In the same way that The Graduate (1967) conveyed the heady experience of young adulthood in the late 60s, and Reality Bites (1994) for the early 90s, the Korean film Recipe for Happiness (2020), Yoon Jae-Won’s directorial feature debut, captures what it’s like to be a young (32-year-old) adult in the age of precarious neoliberal ecotastrophe. Turns out it’s not that different.
Yoo So-Won’s script starts off with a voiceover about the dire economy and disappearing job security, and one of the protagonist’s middle school classmates (Yoon Se-Hyun) is now a ranting environmental documentary filmmaker. But unlike topical films such as First Reformed (2017) or Sorry We Missed You (2019), Recipe keeps the slow-motion trainwreck in the background.
We follow the everyday life of openly unambitious and mediocre civil servant Namgoong Jin-Soo (an adorkable Gong Myung). Starting from his work and friends, the film gives us eight lighthearted and meandering vignettes that gradually reveal his main concern in life: his friendship with college buddy Jung-Soo (Park So-Jin, of K-pop group Girl’s Day). They talk often on the phone, meet up at bars and restaurants, and take a day trip to the beach (she’s a tour guide planning a route).
He wants to be more than friends, but she isn’t too hot on romance. It’s a classic setup, and the film is fleet-footed enough to not get bogged down in sappiness. They have excellent chemistry, with Gong playing the bag-holder to Park’s assertive independent woman. The conclusion to this arc is the best-in-category I’ve seen in years.

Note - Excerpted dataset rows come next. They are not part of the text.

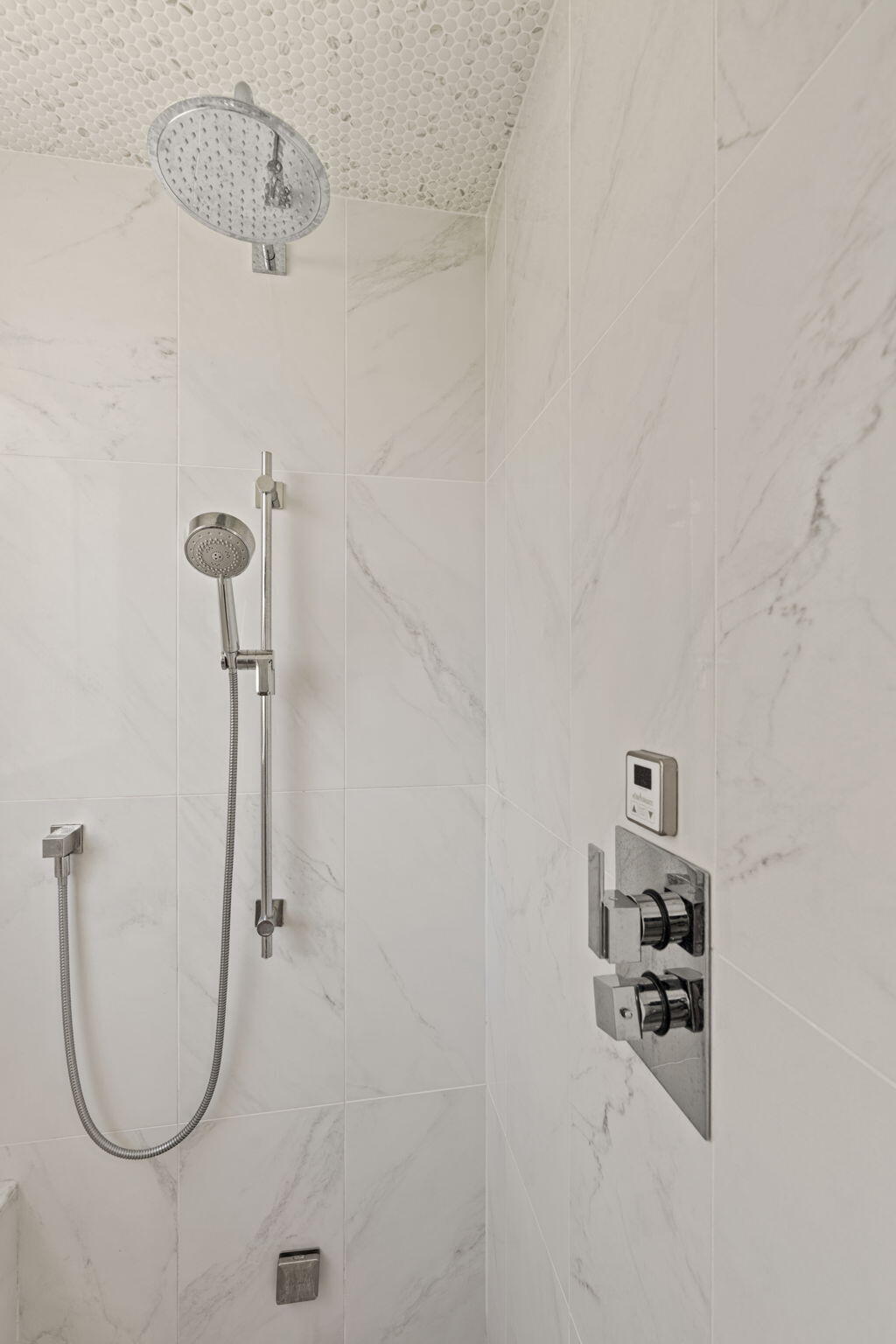 BAYTOWNE AVE EAST - Residential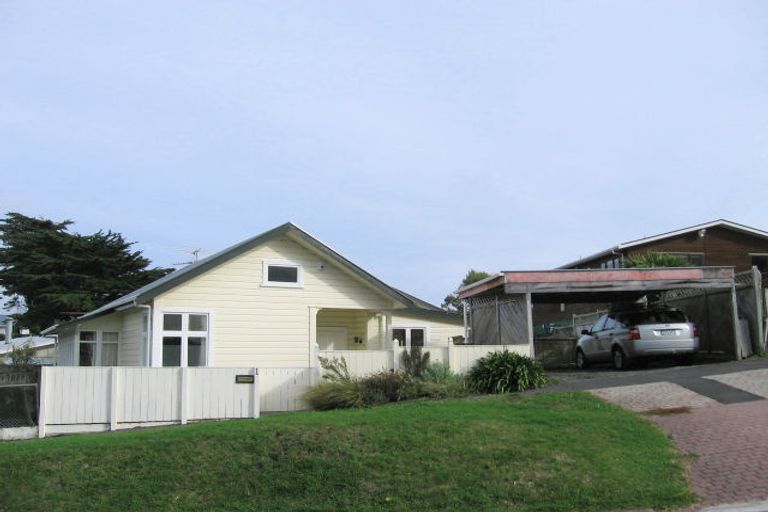 Photo of property in 1 Motuhara Road, Plimmerton, Porirua, 5026
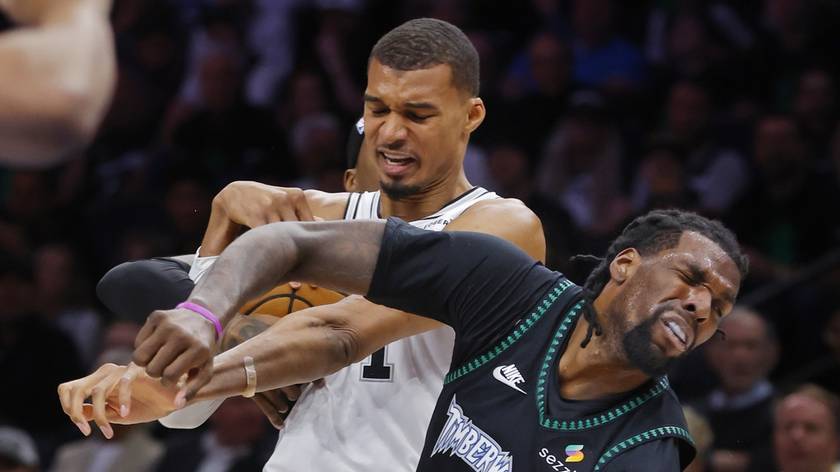 NBA-马刺VS森林狼 文班亚马肘击里德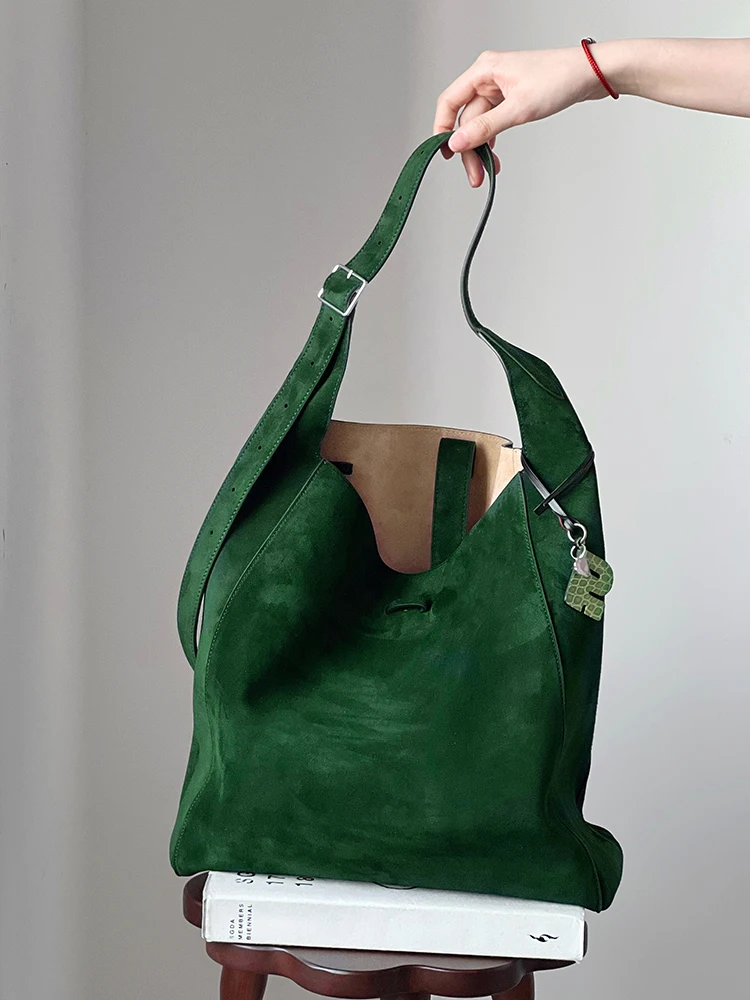 

Light Luxury Fashion New Suede Frosted Suede Leather Bucket Type Large Capacity Single Shoulder Crossbody Bags For Women Trendy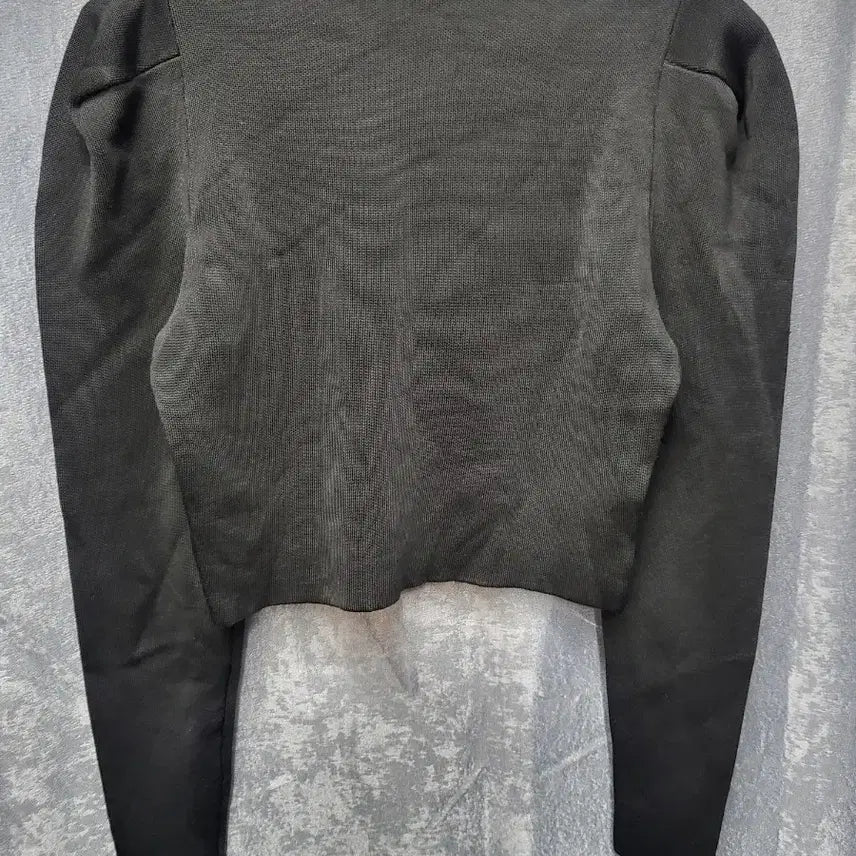 [BUNJANG] ZARA Crop Knit Long Sleeve Top / 자라 니트 크롭 긴팔 블랙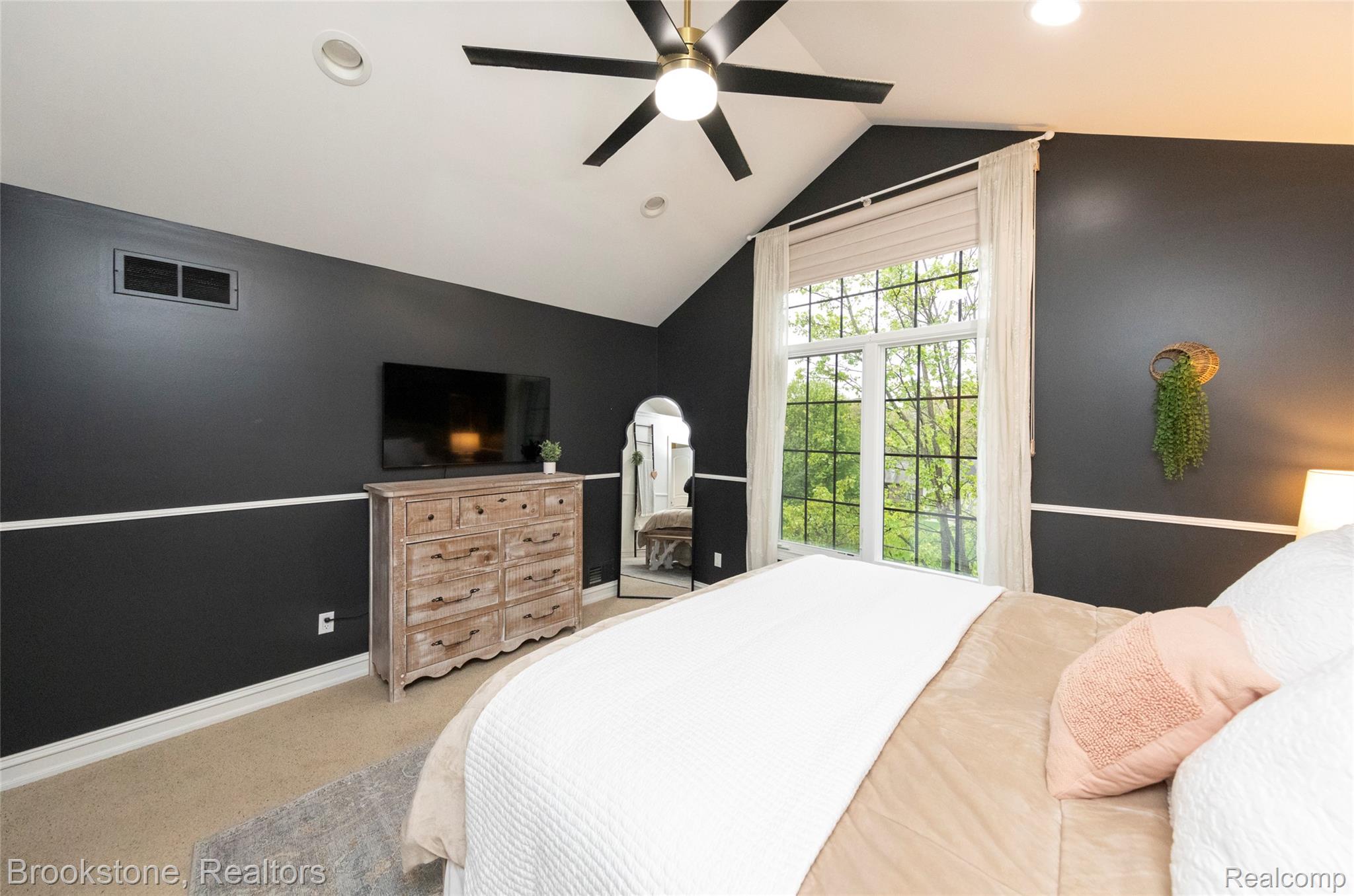 2157 CANTERWOOD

Declining to define their relationship, the film shows us that the simple fact of being together outweighs the need for conceptual clarity. Similarly, Jin-Soo’s fortune-teller father (Oh Man-Seok) prognosticates about Jin-Soo and Jung-Soo’s future together, but keeps the results to himself. As the ending voiceover says, when we receive news, we can never be sure if it’s good or bad.
And what use is clarity of knowledge when, to quote Margaret Thatcher, “there is no alternative” to neoliberal capitalism? Another of Jin-Soo’s middle school friends is a professional home tutor (Kim Woo-Hyeok), pointing up the notion that having an income is more important than having a career.
The usual reading of this film would be to criticize it for being complacent escapism, yet another film of “small pleasures” — or small comforts. But countless outstanding films that have taken a more urgent approach to life under capitalism have failed to make much difference. What use is yet another environmental screed when everyone knows how to mitigate global warming, but nobody actually does it? Continuing the struggle despite these conditions comes at a high individual cost.
That cost is what Heidegger called Angst, what Kierkegaard called the “sickness unto death,” what people gesture toward in the term “doomscrolling,” and it appears in the film in the guise of death, of strangers and of colleagues. Put bluntly, we can’t keep living like this. Instead, Recipe reminds us how important it is just to make it through the day, even as the world burns. To fight the good fight, we need to be sane and healthy fighters.
A line from William Gaddis’s anticapitalist novel JR comes to mind: “all of a sudden I thought what if I don’t, maybe I don’t have to I’d never thought of that maybe I don’t!” The insubstantial-seeming Recipe, with its carefully considered characters, events, and dialogue, allows us to stop worrying and, if not love the apocalypse, at least love ourselves while it happens all around us.
For instance, by indulging in daydreams. One highlight of the film is a heavily choreographed nighttime fight sequence, combining Walter Mitty with Jason Bourne, Jackie Chan, Lucy Liu, and even some light gunplay. It’s long and intricate and meta — a blast to watch, even if it doesn’t quite get Paul Greengrass’s camera direction right. The scene ends as improbably as it begins: with a romantic encounter.
The technical craft on display is mostly fine and competent, remarkable in its unremarkableness. The images are perfectly legible in both brightest day and darkest night, without feeling artificial in either. In the sound department, the lack of background chatter in restaurant scenes makes it sound like our protagonists are being way too loud, but then again there’s usually spicy food and alcohol involved. And the soundtrack heavily favors the ukulele. Can’t go wrong with ukulele.